La provisionalidad de las cosas en esta guerra es algo que en esta ciudad tienen tan presente como la idea de que lo que hoy se tiene por imposible, mañana puede ser un hecho. Sin ir más lejos, Jersón fue durante años la sede provisional de la administración ucraniana de Crimea tras quedar ésta anexionada a la Federación Rusa. “Antes de 2022 nadie esperaba que la ciudad corriese la misma suerte que Crimea y ahora mire al cielo –dice Luba, una mujer que vivió en España–. Ya no tenemos ni gaviotas. Se han ido por el estrés de las bombas”. Lo que sí abundan son los perros, que van en bandadas a la búsqueda de algo que llevarse a la boca. Personas hay, pero muy pocas, y casi ninguna vive en el centro.

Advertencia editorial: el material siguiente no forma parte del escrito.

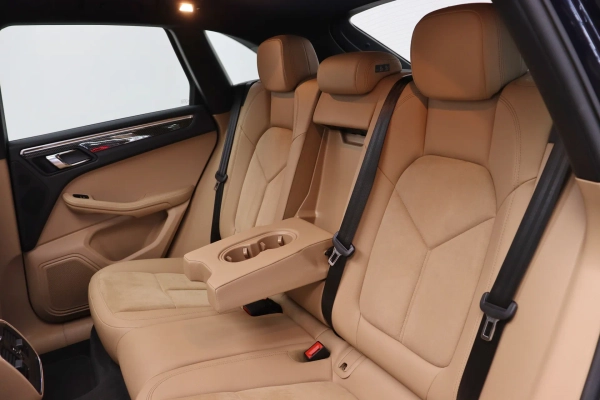 Foto do veiculo PORSCHE MACAN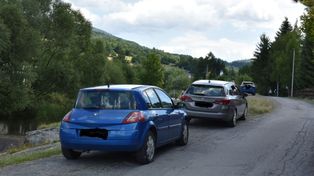 Brenna: Parkują na wałach, grillują i śmiecą. Apel wójta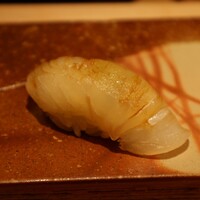 美登利 昌 成城店 - 天然のヒラメの昆布締め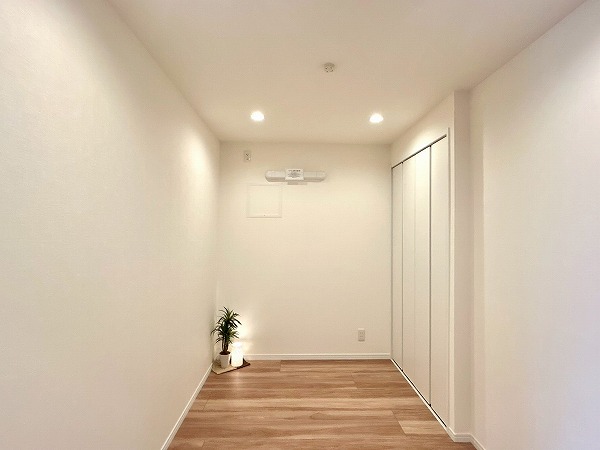 パールハイツ笹塚_シンプルな洋室の写真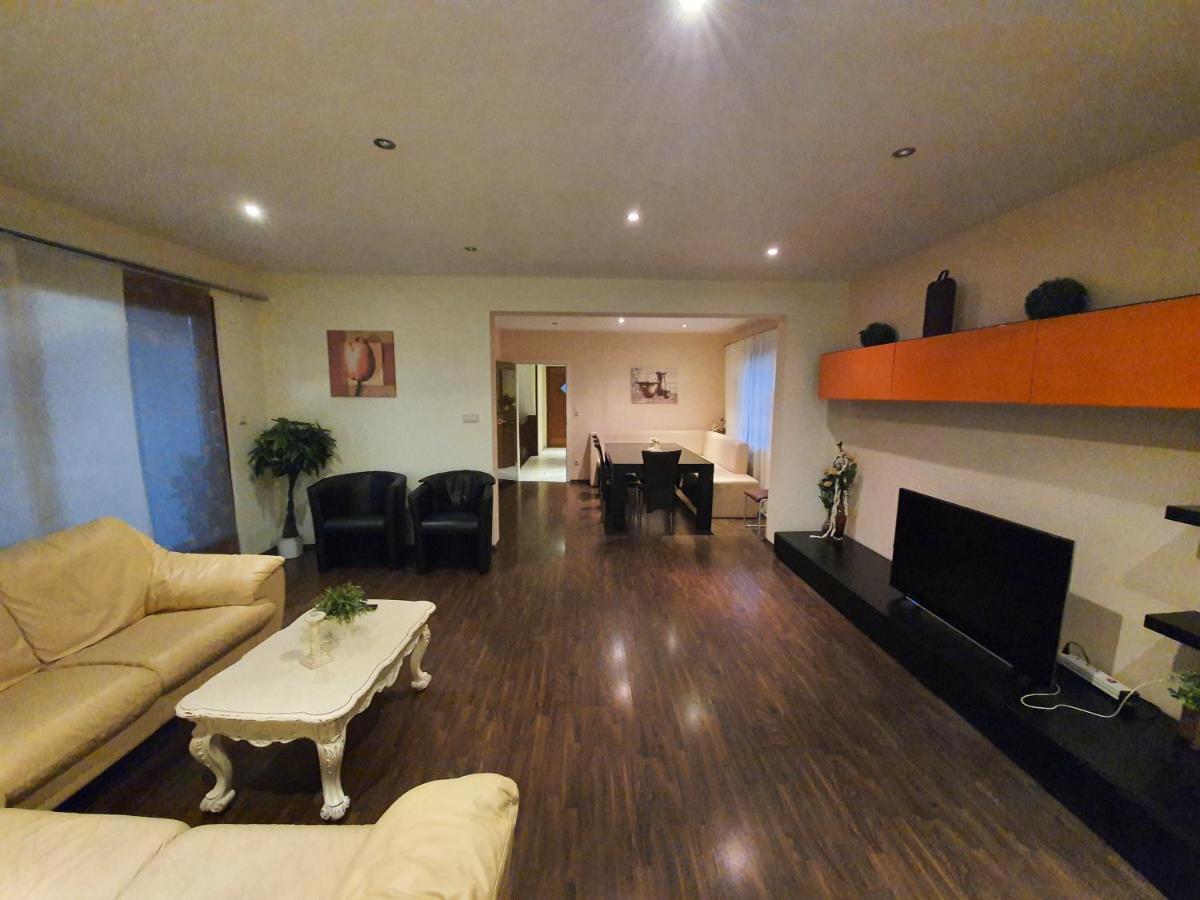 Apartment Bei Hamburg Bis 10 Personen Mit Terasse Und Gartennutzung. Buchholz in der Nordheide Exteriör bild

Entrada de una oficina de correos en Jersón. UNAI ARANZADI
Al solicitar a Dmytro permiso para visitar algunas instituciones civiles, todo son negativas por respuesta. Hasta temas tan favorables a la narrativa de Kiev como son la visita a un hospital infantil o un museo saqueado por las fuerzas rusas produce desconfianza y la exigencia de un nuevo permiso complementario. “Te acompañamos por tu propia seguridad –se excusa–. Hace unas semanas los rusos mataron a dos voluntarios franceses, y un poco antes, un francotirador emboscó a dos periodistas, un italiano y un ucraniano que murió en el acto”, afirma Dmytro, sin tener en cuenta que ninguno de estos episodios sucedieron en el centro urbano donde está el hospital o el museo. Preguntado por la posibilidad de dormir en un hotel, dice que no es conveniente, que lo más seguro es hacer lo que todos, entrar y salir en el mismo día. Es más, asegura que los rusos tienen especial fijación con los hoteles. Y aunque razón no le falta, olvida mencionar el caso del Hotel Play, bombardeado por las fuerzas ucranianas con la excusa de liquidar a un colaborador de las fuerzas ocupantes que se encontraba dentro.

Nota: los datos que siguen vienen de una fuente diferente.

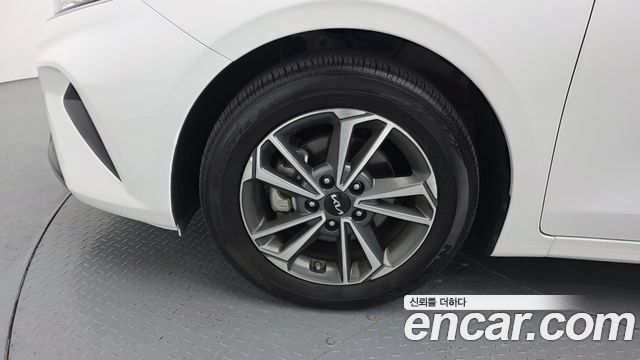 Kia K3 из Кореи Encar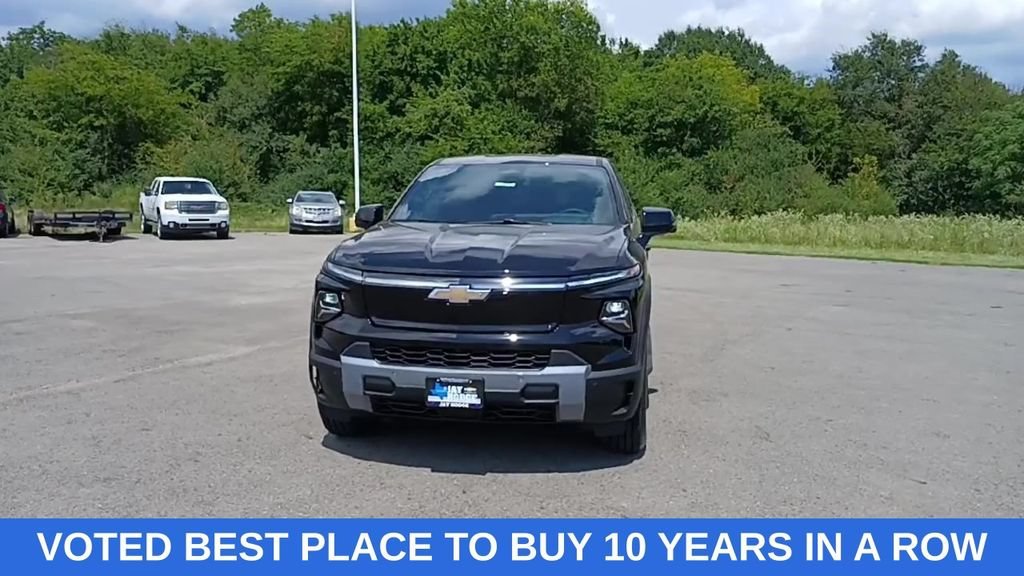 2026 Chevrolet Silverado EV LT - Photo 3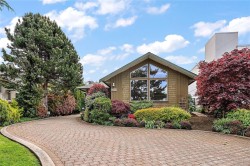 1-9675 First St Sidney, BC V8L 3C8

Militar, moral y propagandísticamente, Jersón es quizás el caso más claro de éxito ucraniano en todo lo que llevamos de guerra. La ciudad refuerza la idea de que es posible reconquistar otras plazas importantes. Pero no deja de ser una gesta onerosa, pues su potencial está muy mermado por la presencia inmediata de unas fuerzas rusas que la condicionan casi por completo desde la otra orilla del Dniéper. Esto se nota particularmente al llegar la noche. Desde uno de los dos únicos hoteles que, aun sin un solo cliente permanecen abiertos, se escucha la siniestra sinfonía de las bombas que caen aquí o allá en una siniestra lotería a ciegas. Se escucha igualmente fuego de salida hacia lo que aquí se conoce como el lado “temporalmente ocupado”.
Ya de mañana, y por fin sin la presencia del oficial de prensa y la intérprete, todo conato de hacer periodismo sin la tutela de Dmytro y Tatiana al volante del coche con los distintivos de la III Brigada de Asalto, resulta infructuosa, so pena de ser expulsado. Así las cosas, no queda más que marcharse con la convicción del martirio que viven los civiles de Jersón, y la duda sobre si es posible llamar periodismo a eso de ver sólo aquello que los militares quieren mostrar a la prensa extranjera.